§ **TASK DIRECTIONS**:
All that belongs in the answer is the lines from the one containing "a boy laughs" to the end of the listing below, copied exactly, pictures excluded.

§ **PROVIDED MATERIAL**:
────────────────────────────────────────
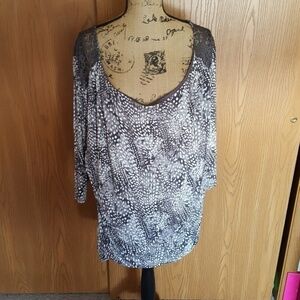 Maurices size 4 top. Black animal print with lace.
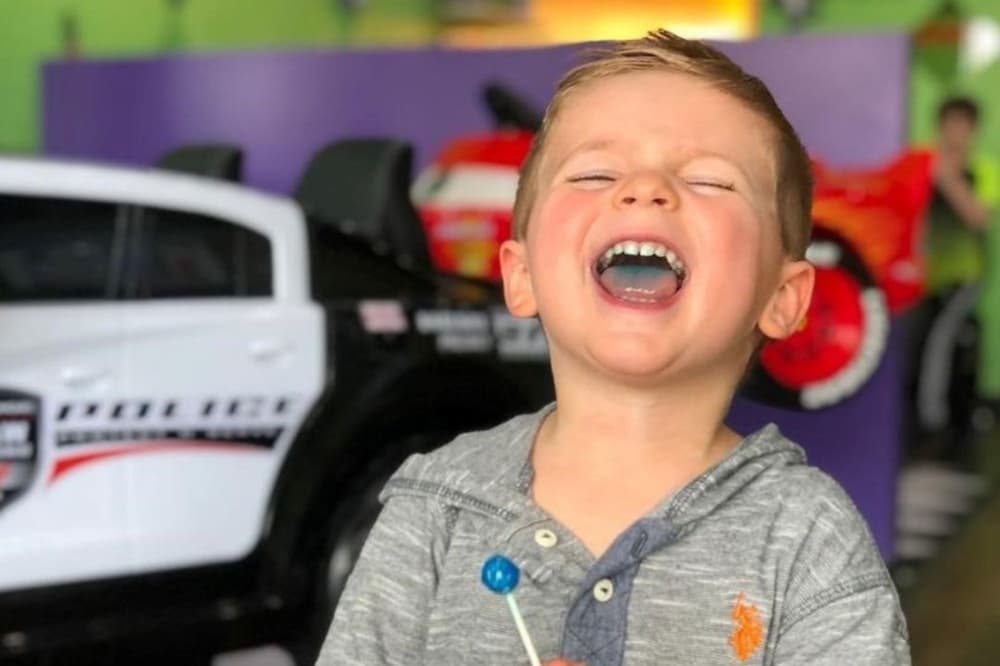 a boy laughs with a blue lollipop in his hand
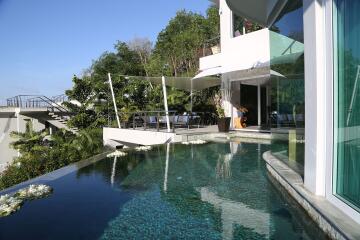 Building with pool and outdoor seating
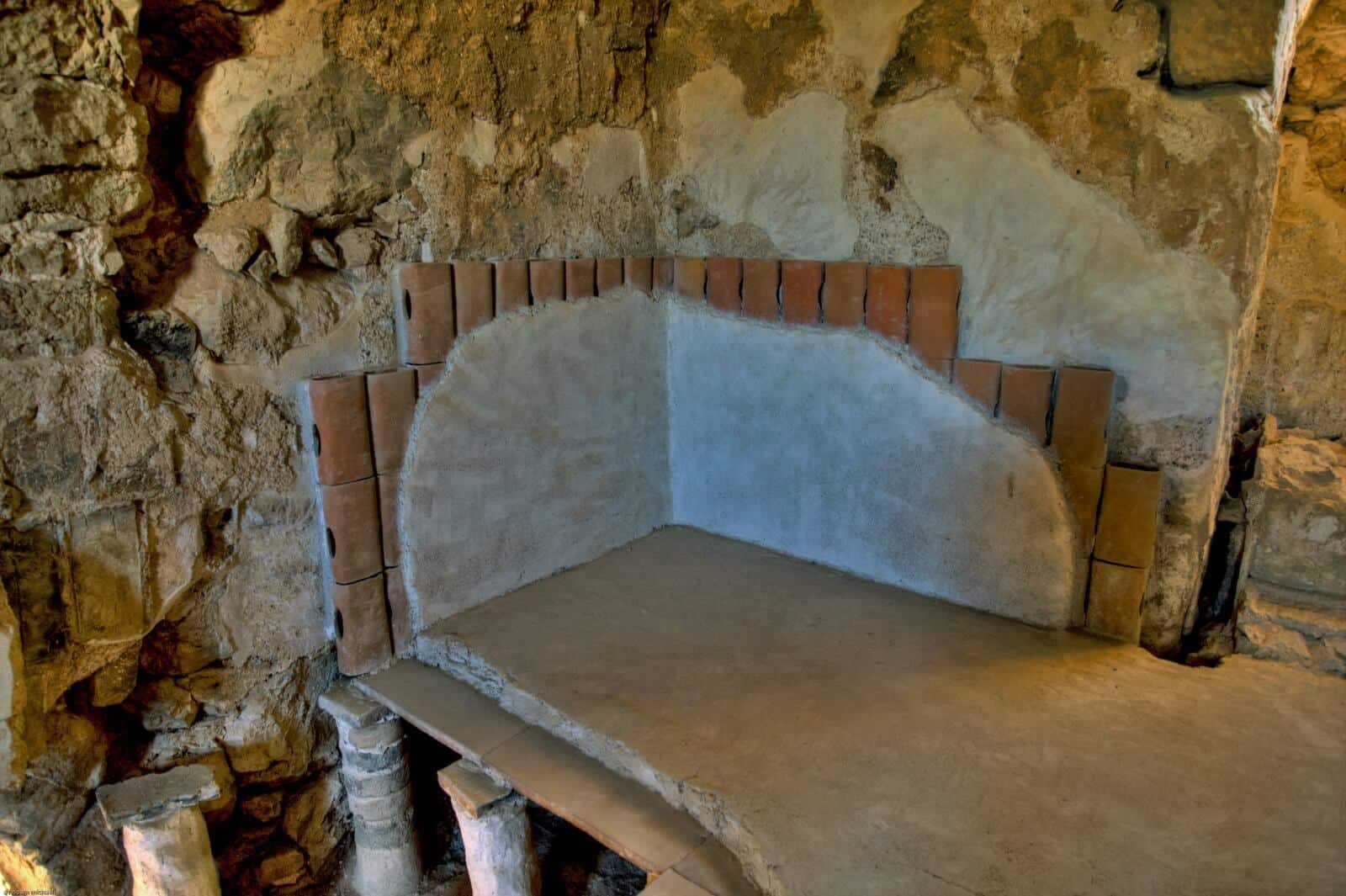 The hot room of the first century BCE bath in the palace of King Herod at Masada. Note the suspended floor as it rests on the pillars of the hypocaust system and pipes (tubuli) that circulate the hot air behind the walls. Courtesy of Guy Shtibel.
────────────────────────────────────────
§ **OUTPUT FOR THIS EXERCISE**:
 a boy laughs with a blue lollipop in his hand
 Building with pool and outdoor seating
 The hot room of the first century BCE bath in the palace of King Herod at Masada. Note the suspended floor as it rests on the pillars of the hypocaust system and pipes (tubuli) that circulate the hot air behind the walls. Courtesy of Guy Shtibel.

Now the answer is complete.